There’s a reason this is the 13th film in the MCU, and not simply the third film in a trilogy. We’ve seen many of these characters over multiple films. We know how they operate. We know their motivations. We know how they’ve evolved over the years. Captain America: Civil War does work as a natural end to the trilogy of Captain America movies, in that it concludes a definite arc about Steve Rogers finding his place on Earth. But it’s so much more than that. It’s quite possibly the best use of Iron Man since, well, Iron Man, but with the added weight of everything that’s come in his four major appearances since that film. Black Widow (Scarlett Johansson) is, appropriately, a voice of reasoning somewhere in the middle of the two sides, even though she has her own reasons for choosing one side. And everyone involved has their own reasoning for getting involved, and in nearly every case, it makes complete sense (note: Hawkeye is the exception, because of course he is).
This includes the film’s two major new characters. The more prominent character, of course, is Spider-Man (Tom Holland), making his MCU debut. From his relatively brief appearance in the film, it’s easy to see how they could write him out. He’s not important to the film. But his presence is fun. No offense to Tobey Maguire or Andrew Garfield, but Tom Holland’s Spider-Man is, with his brief appearance here, the definitive take on both Spider-Man and Peter Parker. He’s young and clearly inexperienced. He’s a bit of a fanboy. He’s delightfully quippy, and when he gets into the action, he adds something new.
But the bigger addition is Black Panther (Chadwick Bozeman). T’Challa, the prince of Wakanda, is a driving force throughout the film, particularly once he suits up as Black Panther to hunt down the Winter Soldier. He has his own reasons for supporting Iron Man, but he has a clear arc of growth as he encounters the others fighting. With him, the proper introduction of Wakanda also promises something new and different for the MCU going forward.
There’s also the matter of Zemo, the film’s nominal villain. He takes a backseat to the fighting between the heroes, but unlike how most MCU villains are woefully underutilized, Zemo’s presence is eerily, chillingly perfect. When Zemo’s plan is finally revealed, it’s shocking – and when his own motivations are also revealed, they make sense. He’s looking for something other than world domination, or the destruction of mankind. He’s not following the formula for what we’ve seen in most of the MCU’s villain slots, thankfully.
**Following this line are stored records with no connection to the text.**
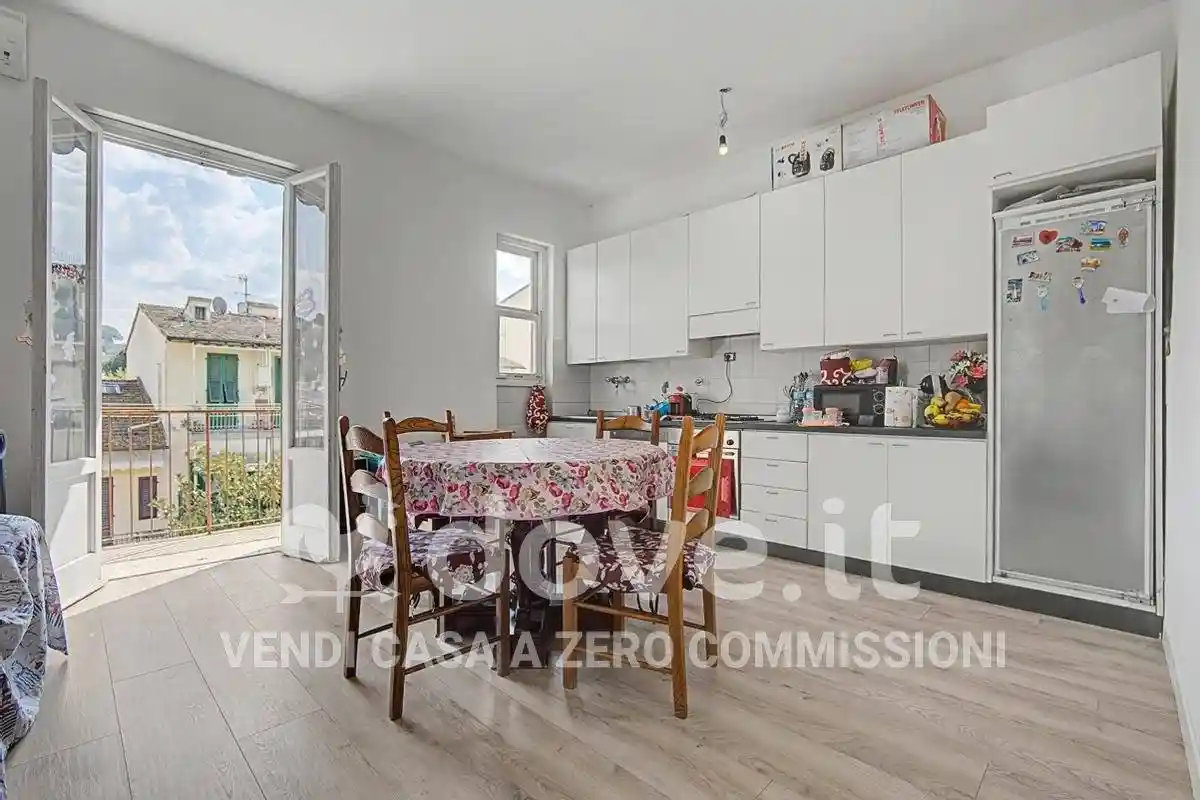 Appartamento in vendita a Firenze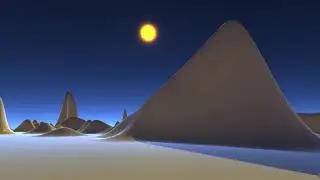 Binaural Helicopter (Unity + Google Resonance Audio)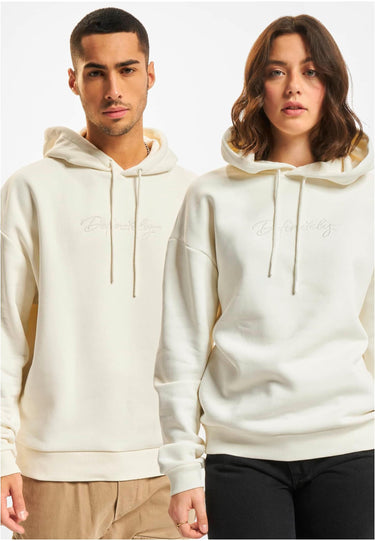 DEF Definitely Embroidery Hoody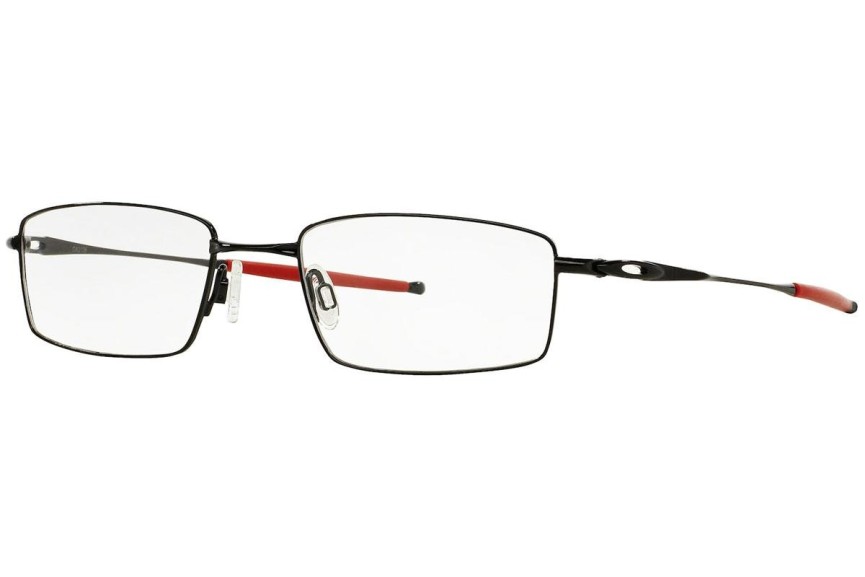Glasses Oakley Top Spinner 4B OX3136-07 Prostokątne Czarne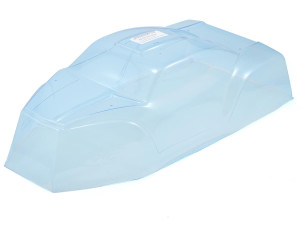 JConcepts Illuzion BAJR Desert Body for Traxxas Slash (Clear) JConcepts Illuzion BAJR Desert Body for Traxxas Slash (Clear)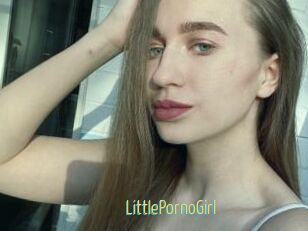 LittlePornoGirl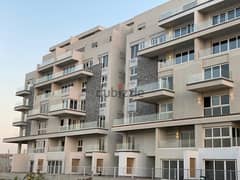 Apartment for sale, 150 meters, immediate receipt, in Mountain View Club Park iCity Compound in 6th of October City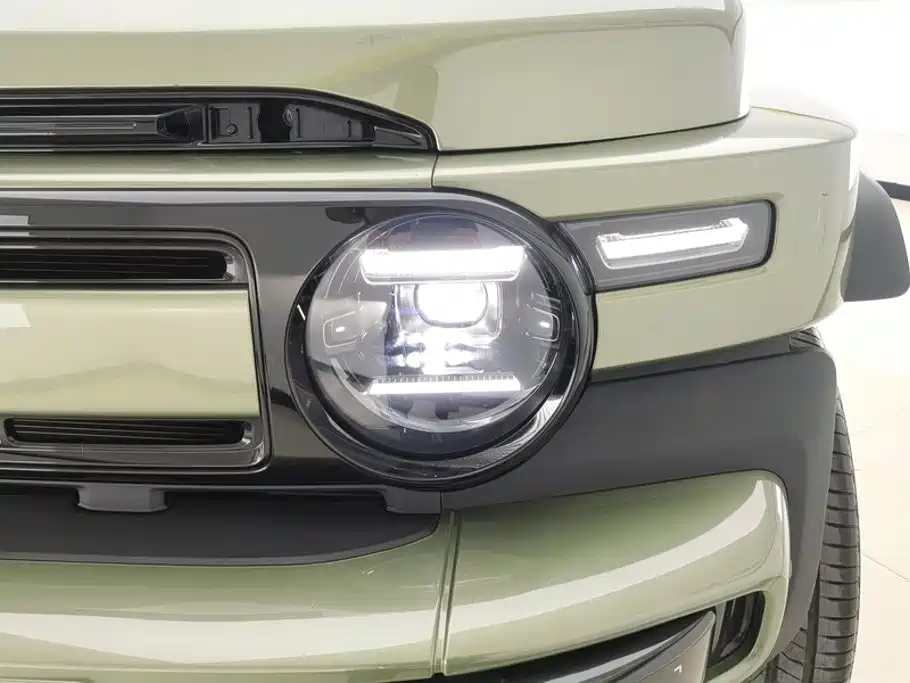 iCAR iCAR Super V23 — миниатюра 5
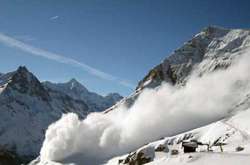 В Карпатах сьогодні може зійти лавина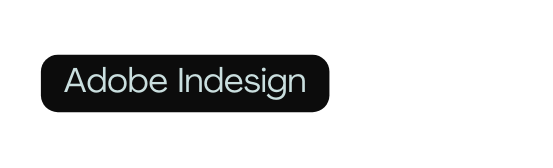 Adobe Indesign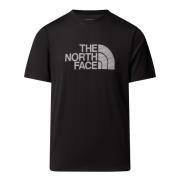 The North Face Functioneel shirt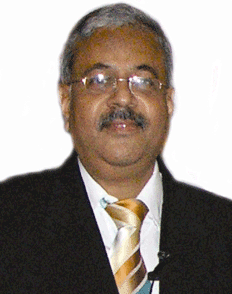 Prof. Rajesh Kumar Srivastava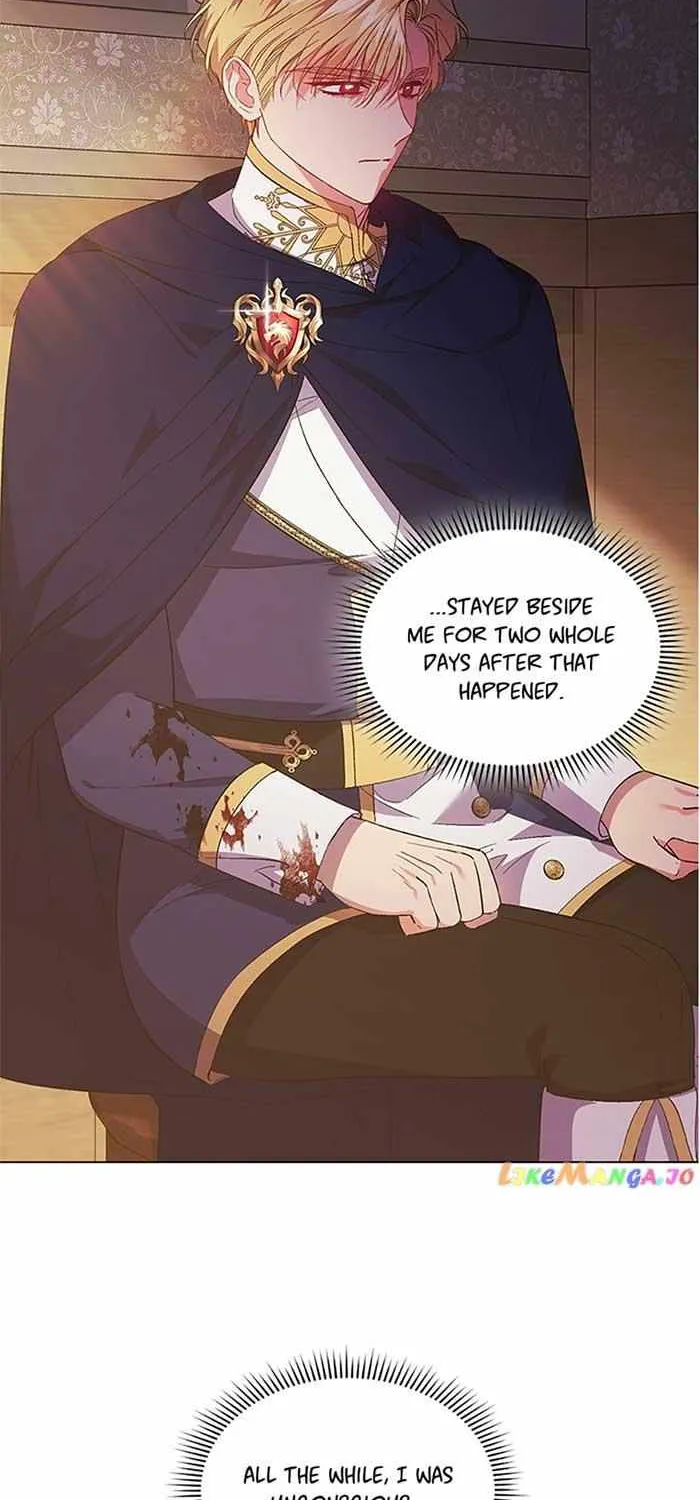 I Don’t Trust My Twin Sister Chapter 38.5 page 12 - 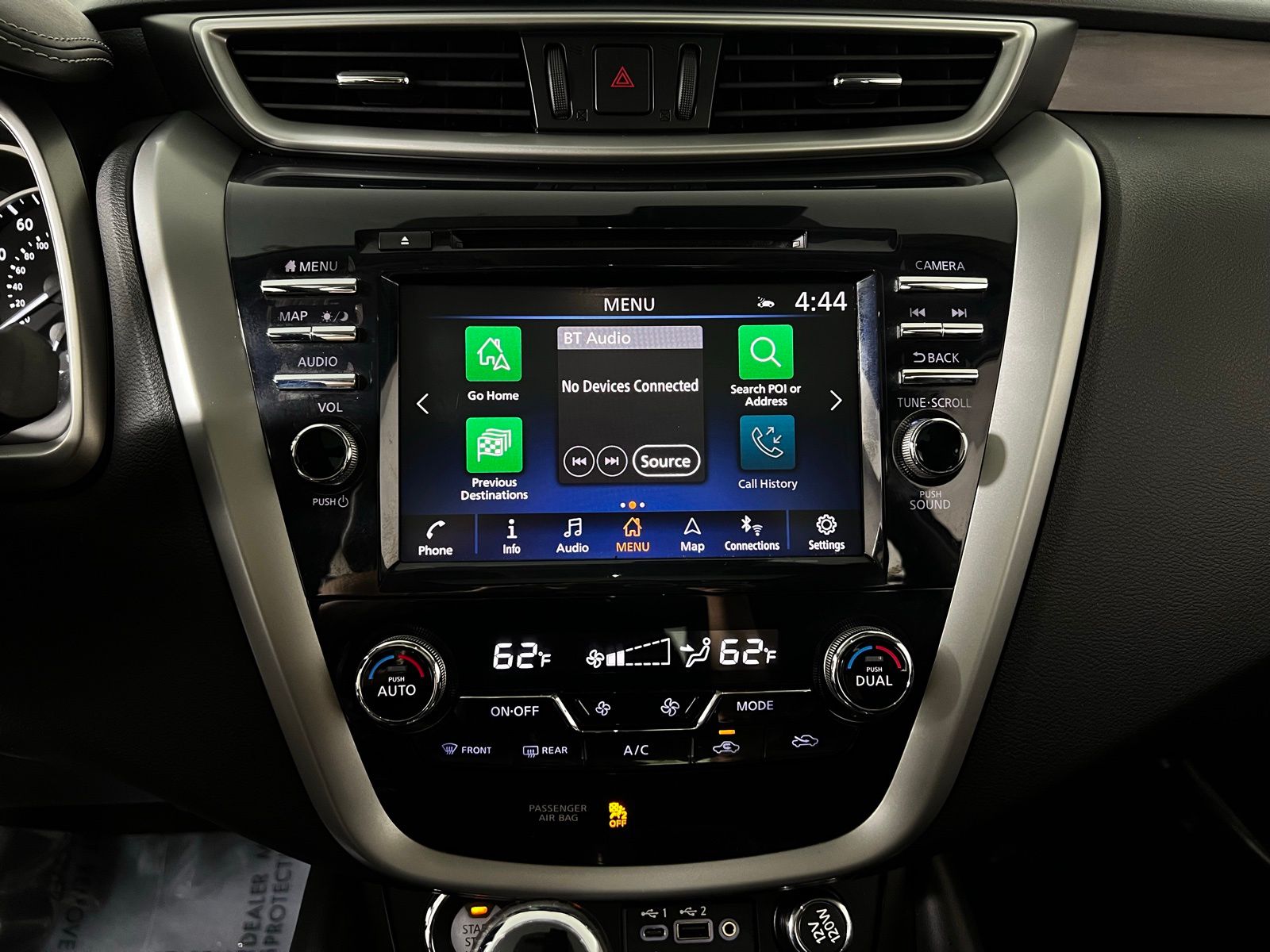 Thumbnail: 2019 Nissan Murano - 19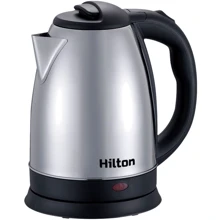 Электрочайник Hilton HEK 185: Мощность, Вт 1500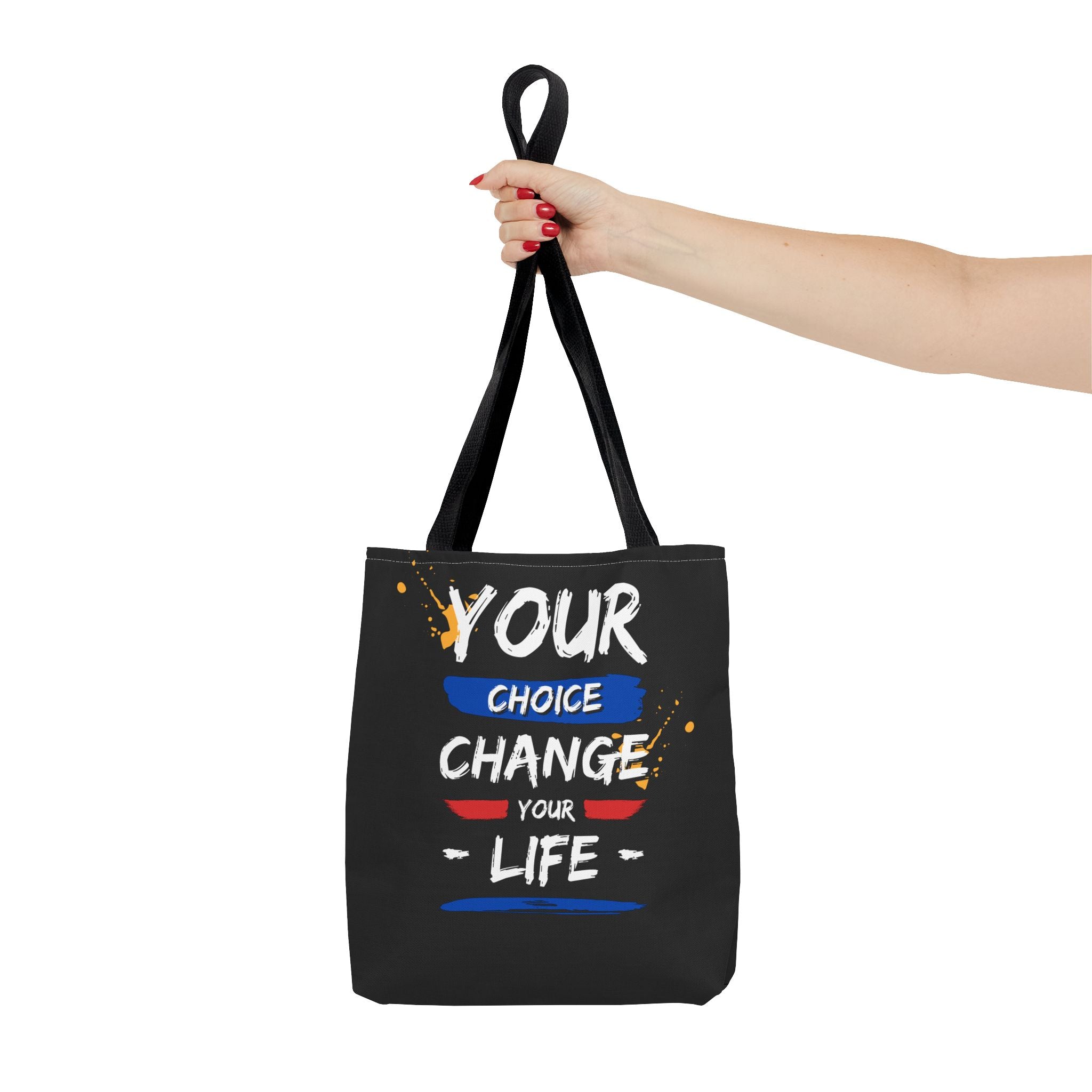Tote Bag (AOP)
Of course, well-developed characters and a great story are great, but the film’s biggest hook is seeing Captain America, Iron Man, and the rest fight each other. And my god, it’s handled perfectly. Joe and Anthony Russo already impressed audiences with their action sequences in The Winter Soldier, especially in how they managed to make Captain America’s fighting style hit hard, but that looks like nothing compared to what they do in Civil War. There’s a fluidity to the action that makes it easy to watch, even when a dozen superheroes are duking it out. Everyone’s powers are highlighted well, in spite of the many differences between the characters’ abilities.
Captain America: Civil War is a stunning addition to the Marvel Cinematic Universe. It’s filled with the elements that have drawn audiences in over the years, from humor to heart. It’s also not afraid to get rough with its characters, who may take positions in the film that surprise some of their fans. It’s morally complex, and it’s not afraid to leave on a note that’s something other than upbeat. It’s a promising start to what may shape up to be a very different MCU phase, and once again raises the bar for what to expect from this particular franchise.